Welcome to the California Department of Alcohol and Drug Programs

HIPAA, Privacy & Security

Overview

The Health Insurance Portability and Accountability Act (HIPAA), also known as the Kassebaum-Kennedy bill, became public law (P.L. 104-191) on August 21, 1996. HIPAA was introduced as a bill to improve the portability and continuity of health insurance coverage in group and individual markets; to combat waste, fraud and abuse in health insurance and health care delivery; to improve access to services and coverage; and to simplify the administration of health insurance.

HIPAA includes Administrative Simplification (AS) requirements intended to improve the efficiency and effectiveness of the entire health care system through the national standardization of electronic transactions and code sets. The HIPAA Privacy Rule establishes requirements for the handling of certain health care information to ensure privacy of patient health care data. Other AS rules will address unique health identifiers, security provisions, and enforcement.

All health care providers, health plans, and health care clearinghouses that transmit health information electronically are defined as “covered entities” and are required to comply with HIPAA. A health care provider is any person or organization who furnishes, bills, or pays for health care in the normal course of business. Health care is defined as care, services, or supplies provided to a patient, including assessment and counseling related to the physical or mental condition of an individual.

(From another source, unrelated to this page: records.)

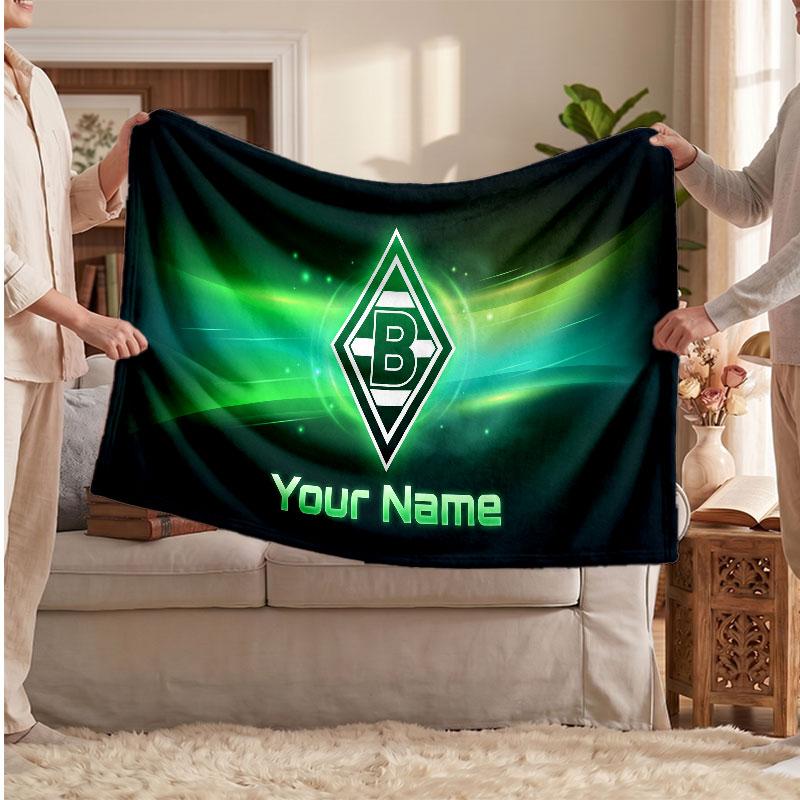 Borussia Mönchengladbach Personalized Fleece Blanket With Football Logo, Custom Name Text Soft Warm Home Throw Blanket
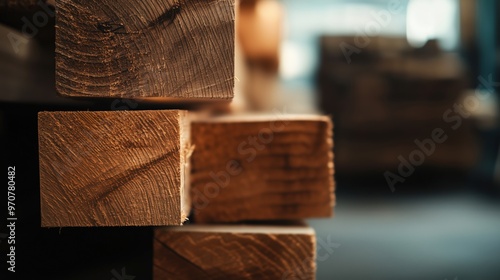 High-resolution lumber stacks in warehouse for construction and design projects photo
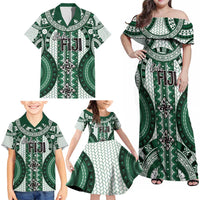 Bula Fiji Vintage Family Matching Off Shoulder Maxi Dress and Hawaiian Shirt Phthalo Green Masi Motifs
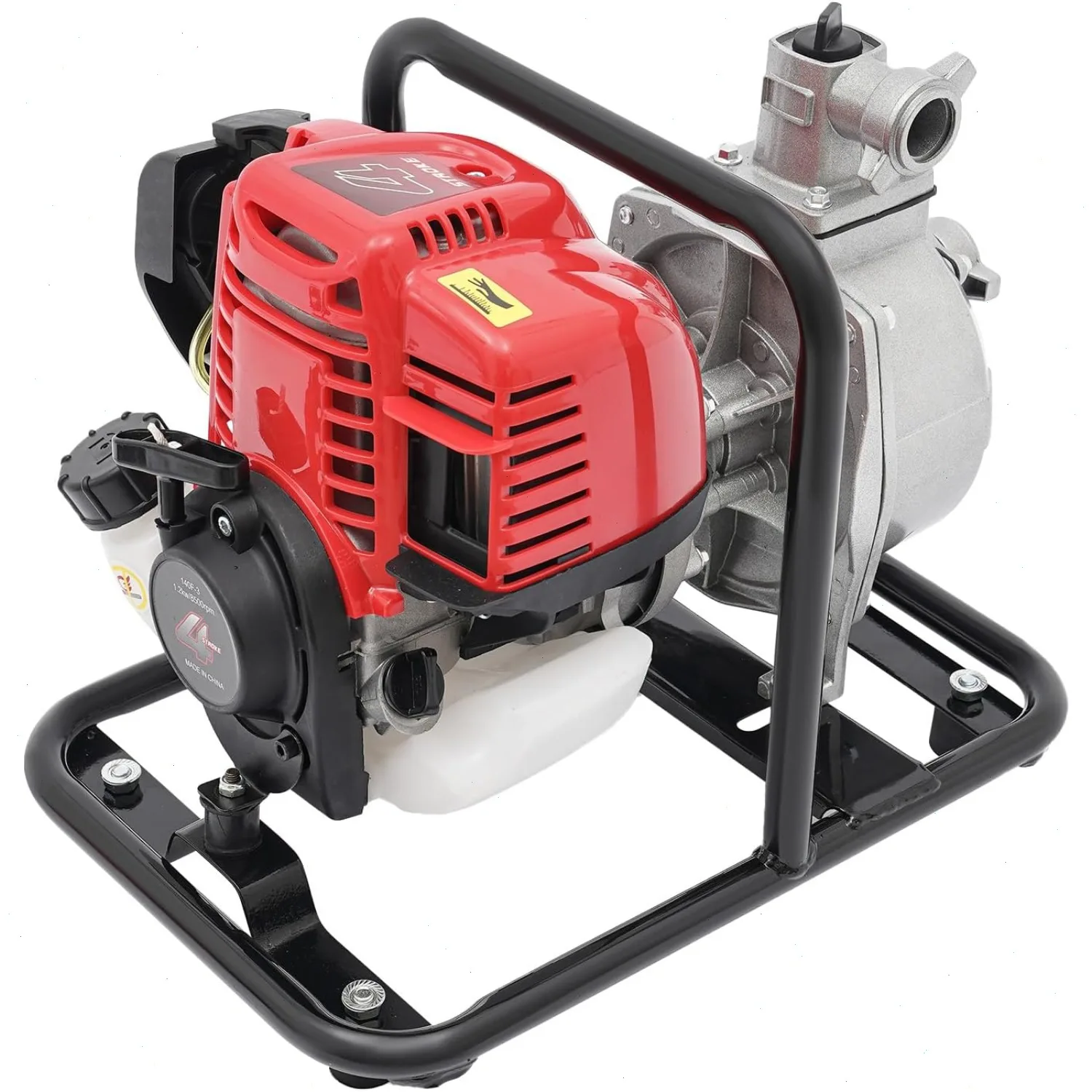 Benzin-Wasserpumpe, 4-Takt 1,2KW 38CC Wasserförderpumpe Tragbare Wasserpumpe Einzylinder Benzin-Wasserpumpe Luftgekühlt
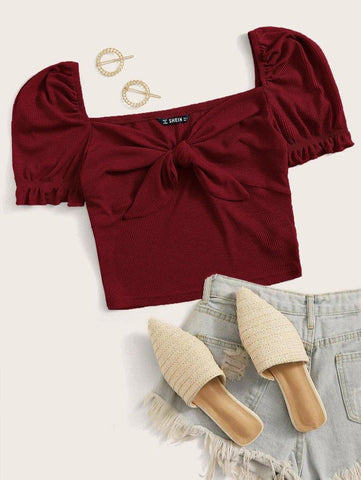Puff Sleeve Tie Front Rib-knit Crop Top - takostyle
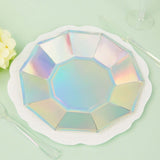 7.5inch Iridescent Geometric Dessert Salad Paper Plates, Disposable Plates with Decagon Rim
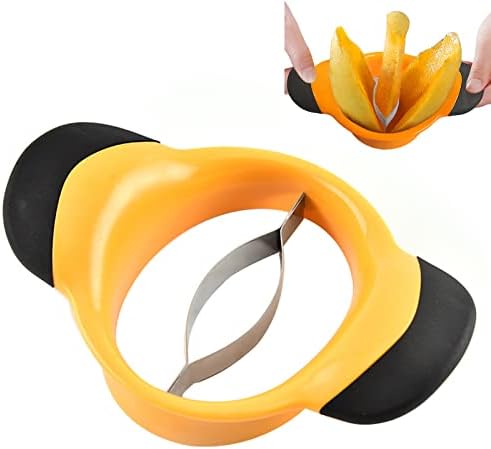 Mango Slicer, Mango Splitter, Mango Cutter with Stainless Steel Blade, Mango Pit Remover Tool, Mango Divider with Ergonomic Rubber Grip Handle, Easy Remove Pit and Divide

Since the Department of Alcohol and Drug Programs (ADP) pays alcohol and other drug (AOD) health care providers through the Drug Medi-Cal (DMC) Program, it is considered a covered entity.
California’s AOD programs are currently required to comply with stringent confidentiality rules under federal regulations. HIPAA will not eliminate or change these rules, only strengthen safeguards for patient confidentiality.

ADP’s HIPAA Compliance Unit was established to develop and implement policies and procedures to comply with HIPAA requirements. The unit is located within the Program Services Division. The HIPAA Compliance Unit also coordinates with the California Office of HIPAA Implementation, the oversight body for all State programs affected by HIPAA.